Thursday, April 26, 2012 | 2:05 a.m.
College basketball coaches from Drake, Idaho State and Montana State were recruiting Palo Verde High senior Jordyn Martin over the past months, telling the 6-foot-7, 210-pound forward how much potential they believed he had.
However, they never offered him a spot on their rosters.
Then, about two weeks ago, a school the Martin family was more than familiar with surprisingly reached out with a scholarship offer.
New Northern Arizona University coach Jack Murphy contacted Martin shortly after being hired with similar words of praise and, more important, a scholarship.
Martin’s father, Torry Martin, played football for NAU in the 1980s, and his mother, Tammy, also attended the school.
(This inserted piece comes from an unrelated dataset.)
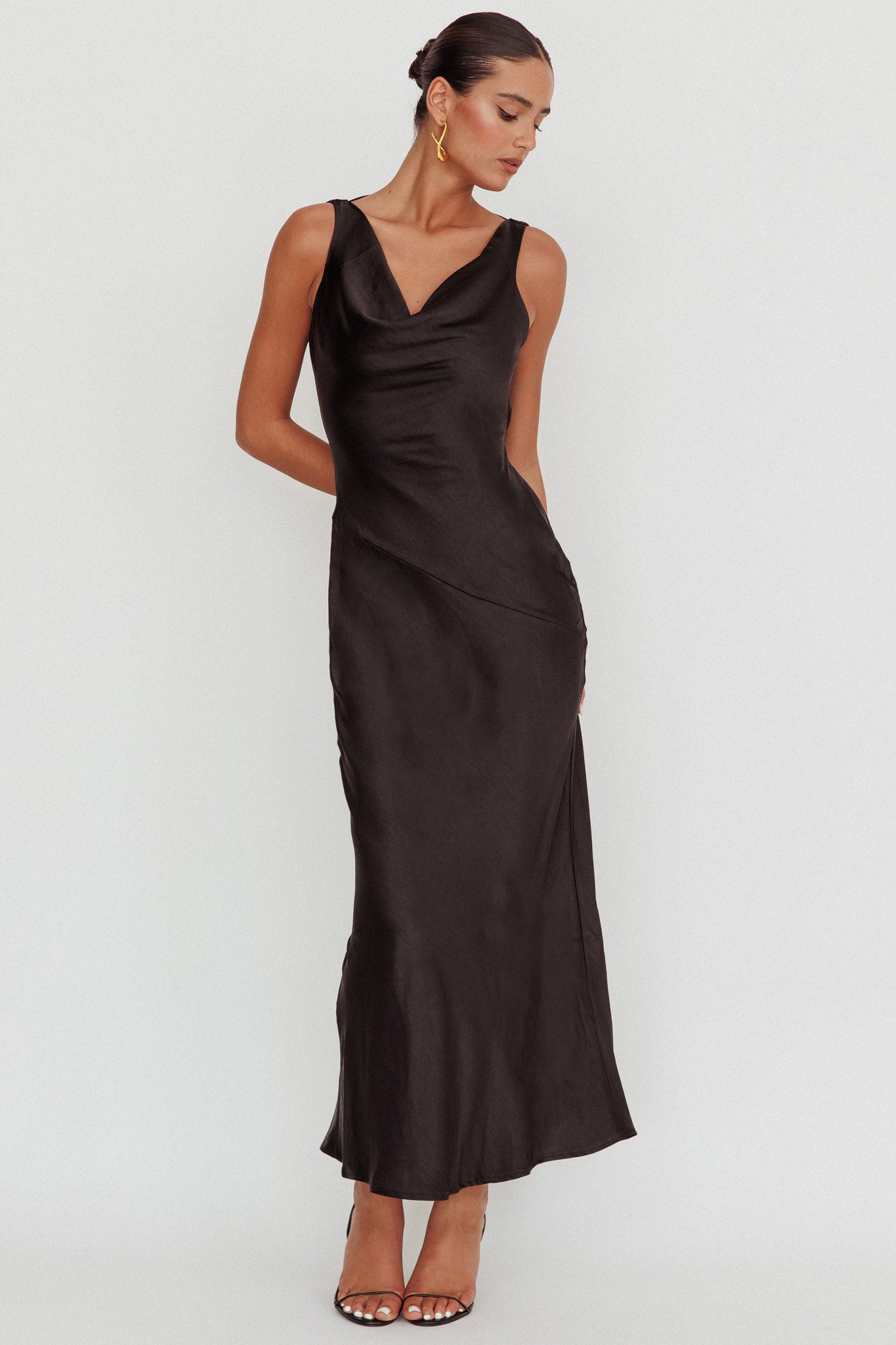Cassiopeia Open Back Maxi Dress Black by Selfie Leslie Australia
But until Murphy was hired, NAU coaches never recruited Jordyn Martin.
Jordyn Martin, who averaged 11 points and nine rebounds a game this winter in helping Palo Verde reach the Sunset Regional title game, signed a national letter of intent Tuesday. Not only was NAU the lone program to offer him a scholarship, but the Flagstaff, Ariz., school is like a second home with family members living in the area.
“It’s going to be really cool continuing a (family) tradition,” he said. “It’s exciting to be part of (Murphy’s) first signing class. I’m going to be part of a group trying to bring winning back to NAU.”
NAU won just five games last year in finishing last in the Big Sky Conference — a fact the Martin family had to consider.
“No one was willing to pull the trigger on the full-ride (scholarship),” Torry Martin said. “But Murphy had heard of Jordyn and saw some tape. Although my wife and I went there, we were still horrified when Northern Arizona called because, quite honestly, you want your child to go somewhere successful. But the new coach is great. He’s a winner and has a vision. We are excited (Jordyn) can continue the Lumberjack tradition.”
Waiting to receive the a scholarship offer required a lot of patience. Jordyn Martin was scheduled to play in a showcase for unsigned players before NAU coaches became involved in his recruitment.
“I understood the whole process and why I wasn’t getting offers,” he said. “Those coaches were doing their job. It did put a chip on my shoulder to work harder.”
His parents couldn’t be happier for their son to be part of the new era of NAU basketball.
“Everyone is excited in Flagstaff. (Murphy) has created a buzz in that town,” Torry Martin said.